Caste and gender are the two fundamental axes of social inequality in India. Our chosen places are still talked about in hushed whispers or given looks of disdain by some, but the impact they leave outdoes the cowardice of the meek minded. They cater vastly different subjects and vary vastly in size and appearance too. But they both target to break down the barriers of inequality and injustice in our minds, offer a ray of hope for a warm, humane and secular state.
We began writing this essay with a greed of expanding our knowledge of writing, spaces and of course our chosen course of study, architecture. But these places taught us more than we could ask for. Travelling with a purpose added a whole new dimension to our mind, entering colonies and crossing streets to question the locales filled us with zeal and brazenness, spending hours on places we merely passed by developed a peculiar fondness for the spaces.

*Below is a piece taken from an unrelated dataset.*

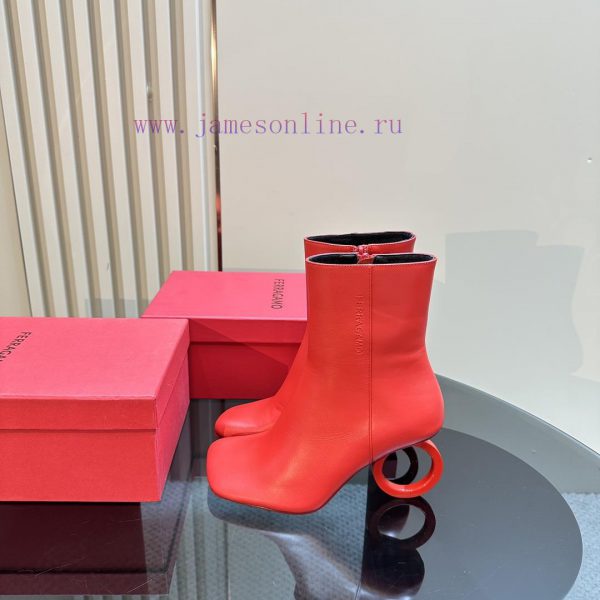 FERRAGAMO square toe fashion bootsUnique sculptural heel with same tone finish, adorned withho36mhbm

The initiation of the transgender toilet taught us the importance of small gestures, the unifying spirit of Bhojshala taught us that we’re one among many and we all belong together. As future architects we hope to design likewise spaces, to construct not just awe-striking buildings but affection-inducing public arenas. After all, it's not the tall, beautiful buildings that are written down in history as architectural landmarks but the questionable, intriguing premises that bring about large movements in humanity.
“You're Basharat Mandal, the son of a Muslim mother brought up by a Hindu guardian. Identity crisis has run in your veins just as long as your blood has, but you feel hope bubbling down in the pit of your stomach. The hope of getting rid of the crisis before blood leaves your system.”